I straightened my hair and made it look all spiky.
Those pictures had nothing to do with the story, I just felt that nobody should have to read that paragraph without something to distract them from the pain.
I felt a little depressed then, so I slit one of my wrists.
Sue sign four, actions have no consequences. Whether it’s giving people the finger or cutting yourself, odds are that nothing too serious will come of it.
I read a depressing book while I waited for it to stop bleeding and I listened to some GC.
While the story seems too perfectly convoluted to be a troll, I’ll make an exception for this sentence, which I think is meant to mock the readers.
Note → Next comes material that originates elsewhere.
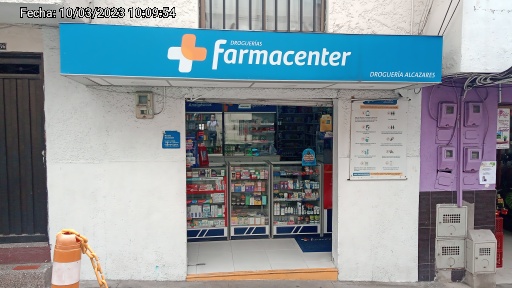 Imagen de Farmacenter Alcazares - Farmacia en Medellín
We’re reading a depressing story that sucks out our faith in humanity like a Suey gothic vampire, waiting for our eyes to stop bleeding as a defense mechanism to stop them from sending this madness to our brains, and we are desperately searching for anything more profound than this, even a punk pop band would do.
I painted my nails black and put on TONS of black eyeliner.
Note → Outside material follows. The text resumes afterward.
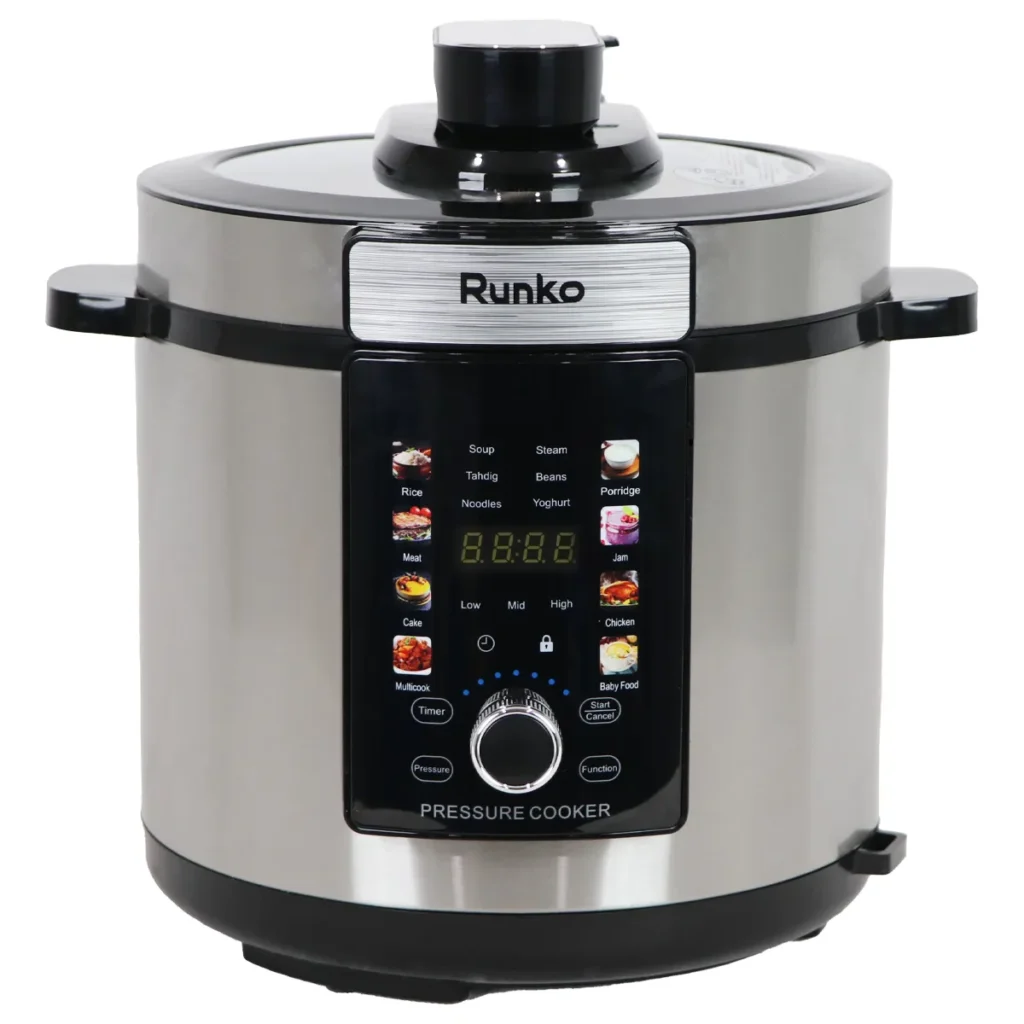 پلوپز چندکاره رانکو مدل RK-PC301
That’s probably an exaggeration, but who knows? Maybe at least four thousand pounds of eyeliner is the perfect look for when it’s raining and snowing.
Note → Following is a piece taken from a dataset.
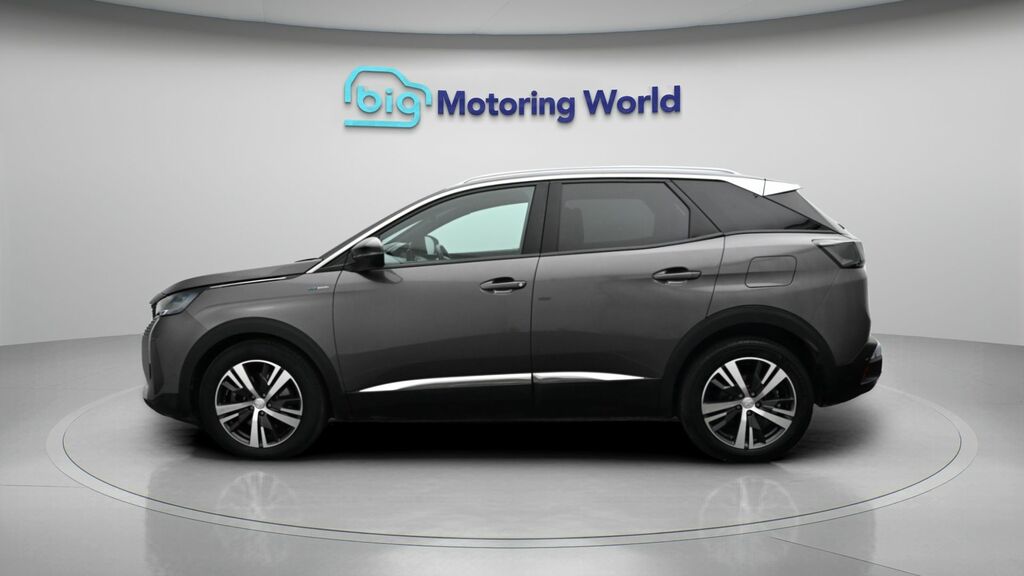 Peugeot 3008 Allure Premium Grey #4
Then I put on some black lipstick. I didn’t put on foundation because I was pale anyway.
I drank some human blood so I was ready to go to the concert.
I went outside. Draco was waiting there in front of his flying car.
The first time I read this, I had completely forgotten it was a Harry Potter fanfiction by this point, and didn’t understand why there would be a flying car. Which brings me to my next counter.
Reasons this didn’t have to be fanfiction: 1
Just have a world of magic, it doesn’t have to be someone else’s.
He was wearing a Simple Plan t-shirt (they would play at the show too), baggy black skater pants, black nail polish and a little eyeliner (AN: A lot fo kewl boiz wer it ok!).
So if you haven’t noticed, the characters don’t even remotely resemble the canon.
Reasons this didn’t have to be fanfiction: 2
“Hi Draco!” I said in a depressed voice.
+150 internets to the first person who can exclaim a greeting in a depressed way.
“Hi Ebony.” he said back. We walked into his flying black Mercedes-Benz (the license plate said 666) and flew to the place with the concert.
The place with the concert. Since Tara clearly doesn’t give a fuck, I’m picturing the concert taking place in the midst of an all out battle between an army of clowns and an army of unicorns in space, I’d encourage you to do likewise.
On the way we listened excitedly to Good Charlotte and Marilyn Manson. We both smoked cigarettes and drugs.
Lipitor? Amoxicillin? Cyanide?
When we got there, we both hopped out of the car. We went to the mosh pit at the front of the stage
Which was filled with people who had big red noses and horses that had long silver horns, all floating around in zero gravity.
and jumped up and down as we listened to Good Charlotte.
“You come in cold, you're covered in blood
They're all so happy you've arrived
The doctor cuts your cord, hands you to your mom
She sets you free into this life.” sang Joel (I don’t own da lyrics 2 dat song).
“Joel is so fucking hot.” I said to Draco, pointing to him as he sung, filling the club with his amazing voice.
Suddenly Draco looked sad.
Join the club.
“What’s wrong?” I asked as we moshed to the music. Then I caught on.
“Hey, it’s ok I don’t like him better than YOU!” I said.
“Really?” asked Draco sensitively and he put his arm around me all protective.
Sue sign five, the author’s idea of the perfect guy immediately falls for her.
“Really.” I said. “Besides I don’t even know Joel and he’s going out with Hilary fucking Duff. I fucking hate that little bitch.” I said disgustedly, thinking of her ugly blonde face.
The views expressed by the characters are not necessarily those of the writer who created them. At least not in good stories. Here, I have a sneaking suspicion as to how Tara feels about Hilary fucking Duff.
The night went on really well, and I had a great time. So did Draco. After the concert, we drank some beer
Which had no effect on Ebony because she’s a vampire.
and asked Benji and Joel for their autographs and photos with them. We got GC concert tees. Draco and I crawled back into the Mercedes-Benz, but Draco didn’t go back into Hogwarts,
Well after being in the midst of a war in space, who can blame him?
instead he drove the car into……………………… the Forbidden Forest!